**ABOUT THIS TASK:** The response should consist of the data below, copied exactly, with no pictures in it.

**STUDY MATERIAL:**
○ ○ ○

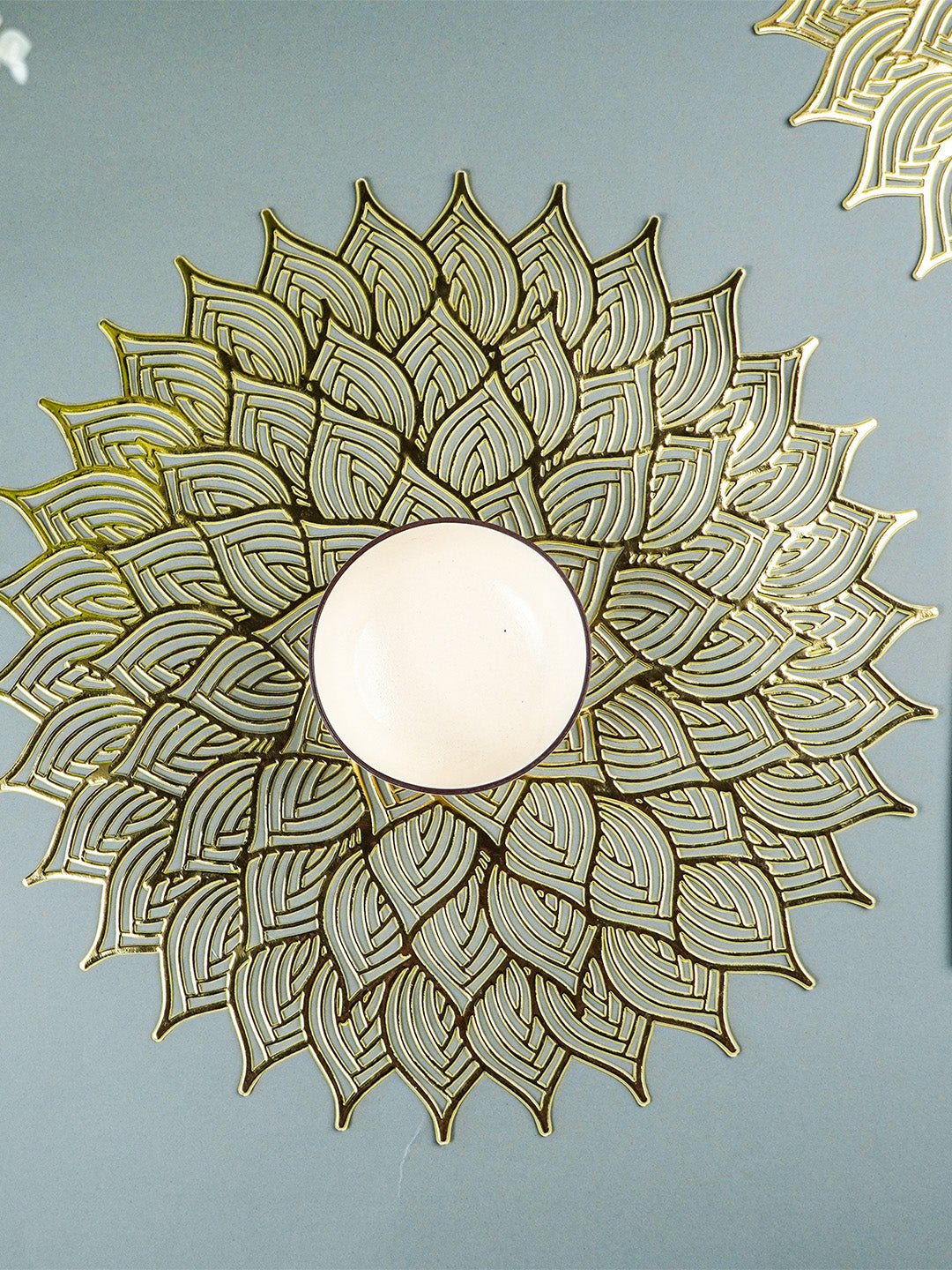 Gold Floral Cutout Table Mat with Intricate Petal Design - The Golden Theory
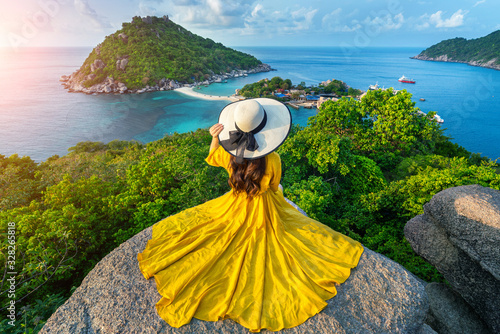 Beautiful girl sitting on viewpoint at Koh Nangyuan island near Koh Tao island, Surat Thaini in Thailand. photo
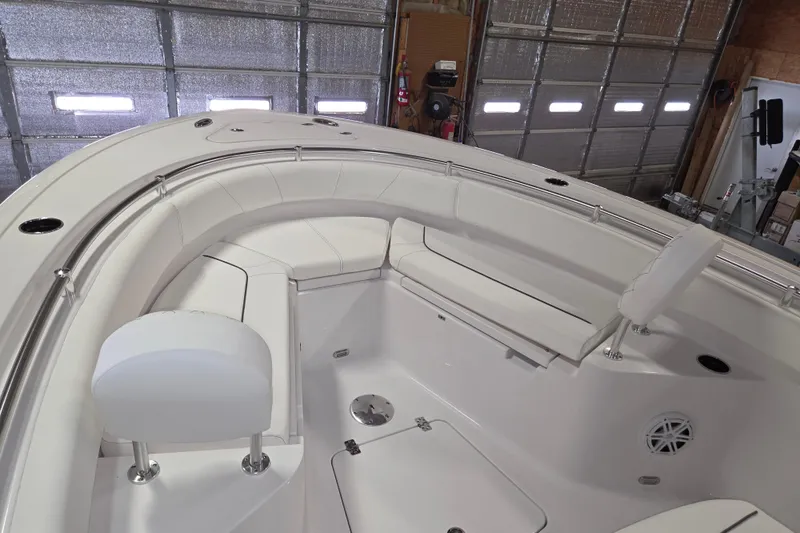 Slide: The Image of 2026 Sportsman Heritage 231 Center Console boat interior with white seating and stainless steel railings. - 16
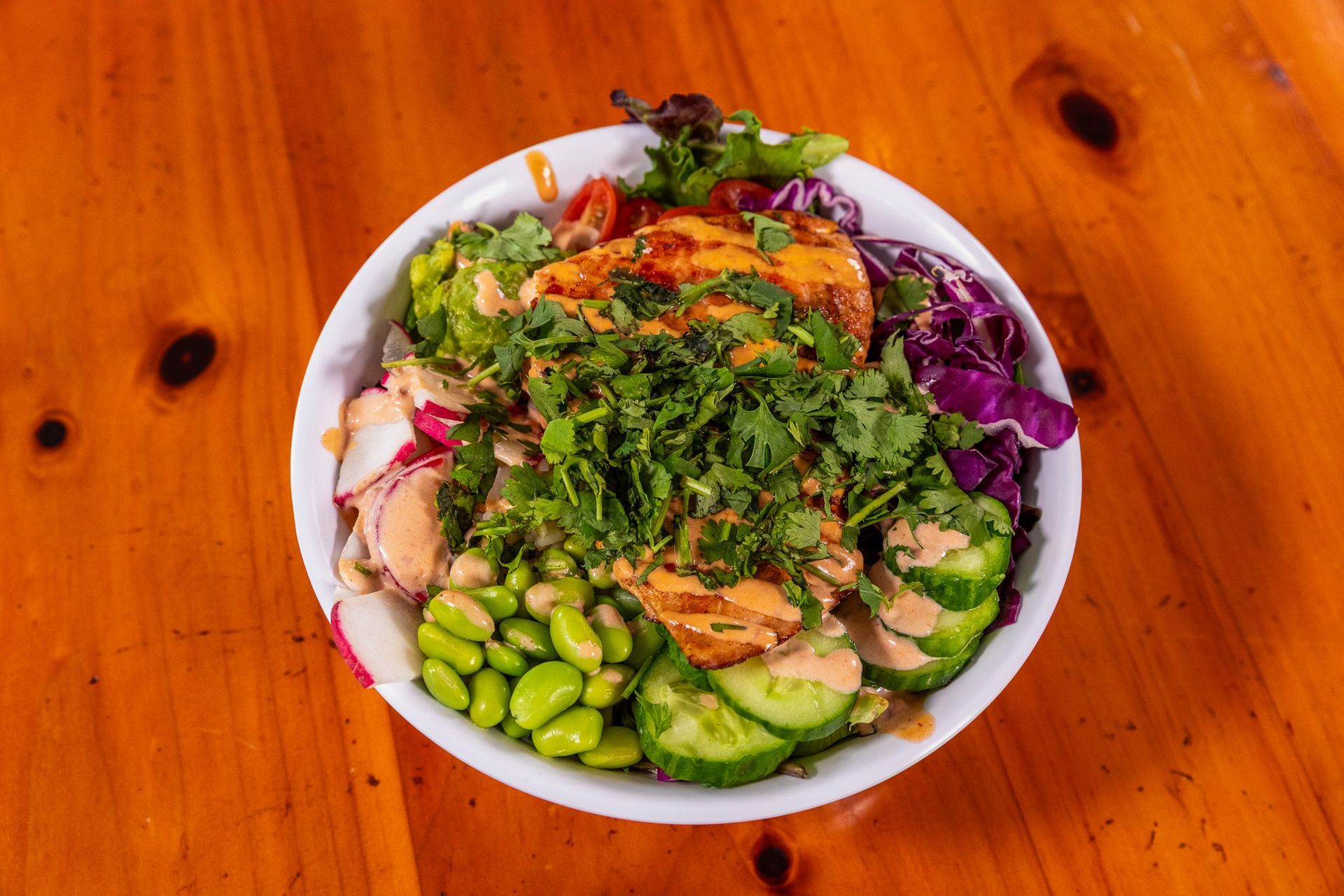Bowl of colorful salad with chicken, vegetables, and dressing on a wooden table.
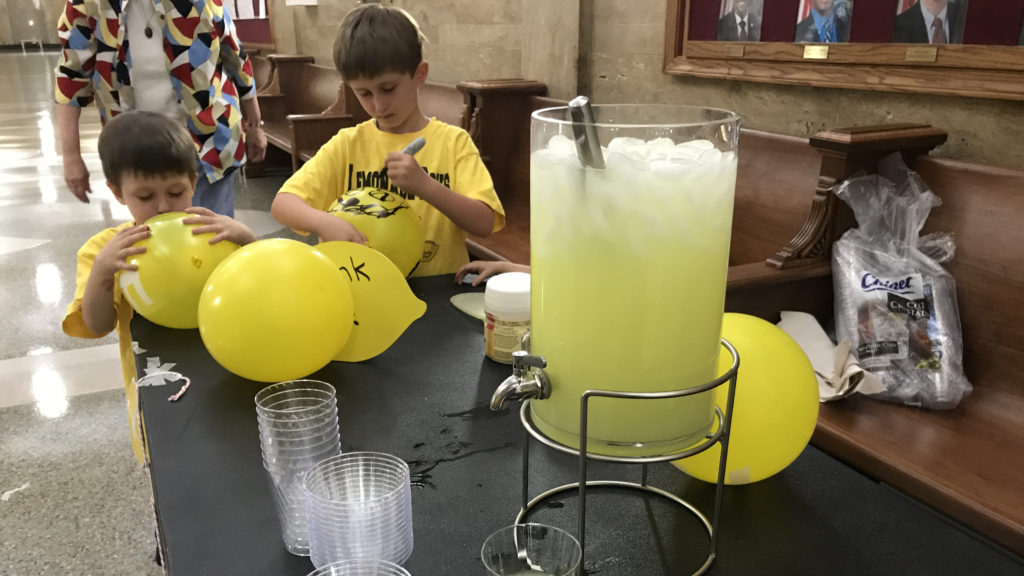 Brothers William Guffey, 4, (left) and Ben Guffey, 7, decorate balloons outside the City Council Chambers on Monday, Sept. 17, 2018, in Denver.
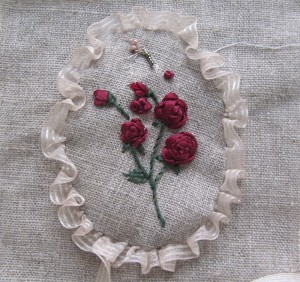 Un "médaillon" froufrouté, orné de roses brodées au ruban, en médaillon 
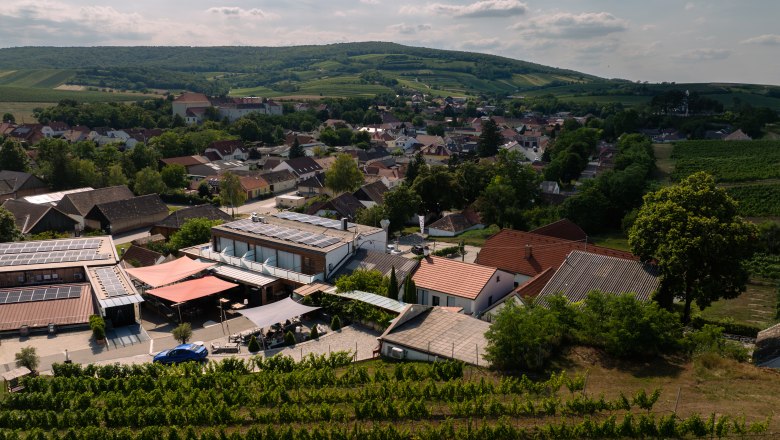 Aerial view of a winery with surrounding buildings and vineyards.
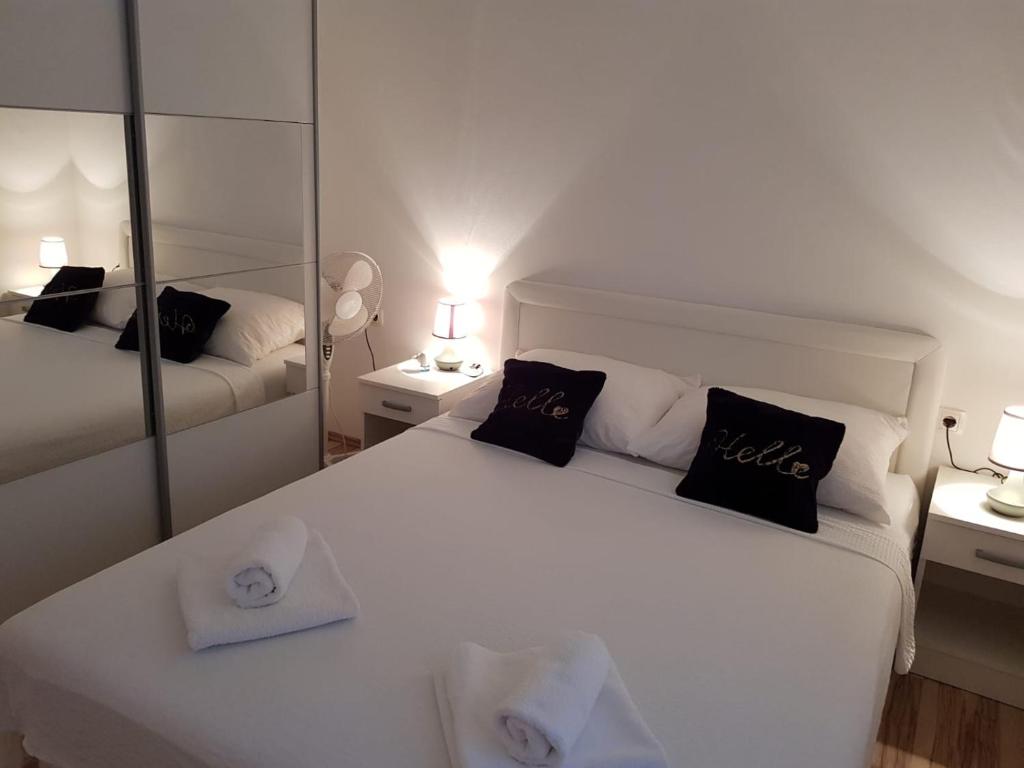 1 dormitorio con 1 cama blanca grande y espejo en Apartman Andrea en Zadar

○ ○ ○

**COMPLETED TASK:**
 Gold Floral Cutout Table Mat with Intricate Petal Design - The Golden Theory
 Beautiful girl sitting on viewpoint at Koh Nangyuan island near Koh Tao island, Surat Thaini in Thailand. photo
 Slide: The Image of 2026 Sportsman Heritage 231 Center Console boat interior with white seating and stainless steel railings. - 16
Bowl of colorful salad with chicken, vegetables, and dressing on a wooden table.
 Brothers William Guffey, 4, (left) and Ben Guffey, 7, decorate balloons outside the City Council Chambers on Monday, Sept. 17, 2018, in Denver.
 Un "médaillon" froufrouté, orné de roses brodées au ruban, en médaillon 
 Aerial view of a winery with surrounding buildings and vineyards.
 1 dormitorio con 1 cama blanca grande y espejo en Apartman Andrea en Zadar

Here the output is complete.